Please find the lines in the following records that hold "Pack", and copy them.

============

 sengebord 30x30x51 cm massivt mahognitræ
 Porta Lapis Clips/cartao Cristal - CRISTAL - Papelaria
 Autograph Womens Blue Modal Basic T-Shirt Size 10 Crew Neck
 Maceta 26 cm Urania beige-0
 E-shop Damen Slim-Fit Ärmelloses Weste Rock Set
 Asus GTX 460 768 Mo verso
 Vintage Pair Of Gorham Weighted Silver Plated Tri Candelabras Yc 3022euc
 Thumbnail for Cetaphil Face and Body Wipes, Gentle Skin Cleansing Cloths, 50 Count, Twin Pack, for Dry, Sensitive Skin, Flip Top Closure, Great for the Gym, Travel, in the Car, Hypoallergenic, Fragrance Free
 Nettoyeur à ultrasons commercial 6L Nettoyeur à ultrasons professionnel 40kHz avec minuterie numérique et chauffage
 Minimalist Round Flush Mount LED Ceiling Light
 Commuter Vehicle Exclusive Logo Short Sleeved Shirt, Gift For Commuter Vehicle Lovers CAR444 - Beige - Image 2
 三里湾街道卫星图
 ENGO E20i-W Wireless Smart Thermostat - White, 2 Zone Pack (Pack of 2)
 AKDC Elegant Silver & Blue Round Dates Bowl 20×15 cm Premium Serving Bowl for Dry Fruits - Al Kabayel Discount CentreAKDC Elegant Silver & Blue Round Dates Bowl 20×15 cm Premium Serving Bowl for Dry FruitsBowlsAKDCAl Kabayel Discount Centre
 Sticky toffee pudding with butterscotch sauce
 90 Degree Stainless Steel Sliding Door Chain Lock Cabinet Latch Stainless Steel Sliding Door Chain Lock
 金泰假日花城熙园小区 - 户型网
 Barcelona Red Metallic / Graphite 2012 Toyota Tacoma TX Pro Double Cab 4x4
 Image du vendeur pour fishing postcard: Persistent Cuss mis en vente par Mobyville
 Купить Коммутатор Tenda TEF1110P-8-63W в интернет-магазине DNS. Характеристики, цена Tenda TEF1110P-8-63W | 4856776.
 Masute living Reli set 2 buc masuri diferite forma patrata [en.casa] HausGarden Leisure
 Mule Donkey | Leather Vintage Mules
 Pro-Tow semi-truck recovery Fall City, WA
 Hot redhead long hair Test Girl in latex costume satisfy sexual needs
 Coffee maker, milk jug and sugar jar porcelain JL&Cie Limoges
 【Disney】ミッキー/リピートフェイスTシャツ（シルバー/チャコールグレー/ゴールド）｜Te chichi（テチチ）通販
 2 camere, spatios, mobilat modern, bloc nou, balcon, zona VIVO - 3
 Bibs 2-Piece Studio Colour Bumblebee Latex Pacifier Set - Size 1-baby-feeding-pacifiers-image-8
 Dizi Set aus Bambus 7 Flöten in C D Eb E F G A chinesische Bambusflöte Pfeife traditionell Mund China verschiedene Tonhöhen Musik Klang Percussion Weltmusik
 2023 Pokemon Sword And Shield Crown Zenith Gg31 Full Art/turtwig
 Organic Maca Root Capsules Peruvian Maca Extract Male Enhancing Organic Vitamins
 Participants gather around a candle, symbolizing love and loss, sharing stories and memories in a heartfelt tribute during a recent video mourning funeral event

============

ANSWER TO THE PROBLEM:
 Thumbnail for Cetaphil Face and Body Wipes, Gentle Skin Cleansing Cloths, 50 Count, Twin Pack, for Dry, Sensitive Skin, Flip Top Closure, Great for the Gym, Travel, in the Car, Hypoallergenic, Fragrance Free
 ENGO E20i-W Wireless Smart Thermostat - White, 2 Zone Pack (Pack of 2)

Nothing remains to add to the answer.